Why does cuobjdump imply that instructions have 16 bytes?

Using cuobjdump to disassemble a kernel, we have instruction offsets on the left and 8-byte instruction values on the right:

        /*0000*/                   LDC R1, c[0x0][0x28] ;                                                      /* 0x00000a00ff017b82 */
                                                                                                               /* 0x000e620000000800 */
        /*0010*/                   ULDC.64 UR12, c[0x0][0x228] ;                                               /* 0x00008a00000c7ab9 */
                                                                                                               /* 0x000fe20000000a00 */
        /*0020*/                   S2R R4, SR_CTAID.X ;                                                        /* 0x0000000000047919 */
                                                                                                               /* 0x000ea20000002500 */
        /*0030*/                   UIADD3 UR4, UR13, 0x3f, URZ ;                                               /* 0x0000003f0d047890 */
                                                                                                               /* 0x000fca000fffe03f */
        /*0040*/                   S2UR UR8, SR_CTAID.X ;                                                      /* 0x00000000000879c3 */
                                                                                                               /* 0x000ee20000002500 */
        /*0050*/                   IABS R20, UR12 ;                                                            /* 0x0000000c00147c13 */

On the right, it looks like each instruction is 8 bytes. But on the left, I see each instruction is 0x10 bytes past the previous one, which is 16 bytes.

Are instructions 8 bytes, or 16 bytes? Are the offsets on the LHS actually “nibbles”?
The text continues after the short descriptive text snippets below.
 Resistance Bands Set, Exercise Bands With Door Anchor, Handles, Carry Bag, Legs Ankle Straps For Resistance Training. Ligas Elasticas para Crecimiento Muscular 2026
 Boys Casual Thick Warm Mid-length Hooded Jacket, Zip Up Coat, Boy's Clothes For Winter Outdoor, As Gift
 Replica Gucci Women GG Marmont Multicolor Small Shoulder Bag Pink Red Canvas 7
On modern GPUs, each 8-byte instruction is accompanied by an 8-byte “op-steering” control block that is not publicly documented, although various people have reverse-engineered most of it. In the disassembler listing you can see the encoding of each control block on the right, but it is not further decoded into a human-readable form (one could speculate that NVIDIA has a version for internal use that does just that), thus a blank line appears where the disassembly of the instruction bytes normally goes.
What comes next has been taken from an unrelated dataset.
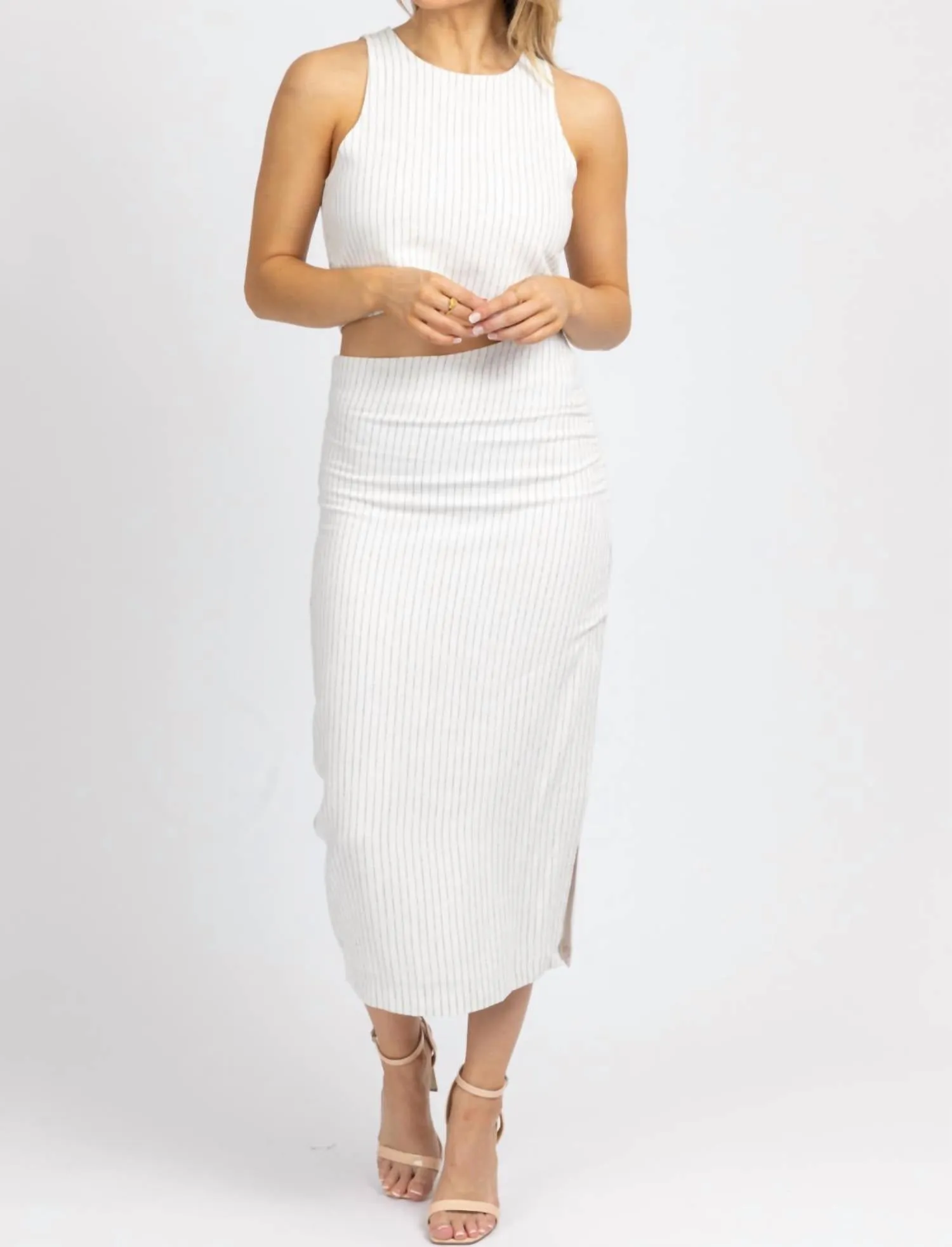 Linen Pinstripe Midi Skirt Set In White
Historically, such approaches have been used in microcode and in VLIW processors. The usual motivation is to simplify processor hardware (in particular those parts that deal with instruction scheduling and issuing) by moving some of the work into software. As can already be glimpsed from the use of 8-byte instructions ifself, code density is not a major concern in GPUs, although minor performance issues such as loop bodies exceeding instruction cache size have been observed in the wild.

Thanks @njuffa! You mentioned that the control blocks are mostly reverse engineered, do you happen to have a link for Hopper or Ampere?

Sorry, I am not aware of a write-up on this for the most recent GPU architectures. As GPU microarchitectures appear to be converging in the most recent iterations, I would expect differences in the control block data between the latest architecture iterations, but minor ones.

Although not fully addressing what you’re after, you may find this of interest.

The most comprehensive I’ve come across , although now dated explanation, referencing Maxwell/Pascal, is here.

The separation is not a perfect 8 byte + 8 byte. For example the 3rd source register for some instructions or the flags for the optional inversion/absolute of the 1st or 3rd source register is stored within the second 8 bytes. Or the specific MUFU operation or the .FTZ (flush-to-zero) flag of floating point operations.

As the general instruction format exists since Volta, new extensions have to use the remaining still available bits as good as possible.

An example for an instruction with 3 operands is PRMT - PERMUTE. It has two 32-bit data and one operand specifying the permutation. But there are lots of instructions using 3 operands.

An actual 12 bytes + 4 bytes separation of instruction and control block is probably more to the point of the current format. So I would guess the 8+8 bytes display is more for spacing and hex readability reasons than for exact instruction bit usage reasons.

Interesting. I stand corrected regarding the split I guess this explains why, for example, in Volta and following generations full FP32 immediate operands can be encoded into the instruction.

While instructions with three source operands have existed for a long time, modern GPUs seem to make it a point to exploit the general availability of three source operands as much as possible, for example IADD3, IMAD, LOP3 etc using RZ as the third operand where only two sources are needed. Great for hardware efficiency, but it tends to make the generated SASS code harder to decipher.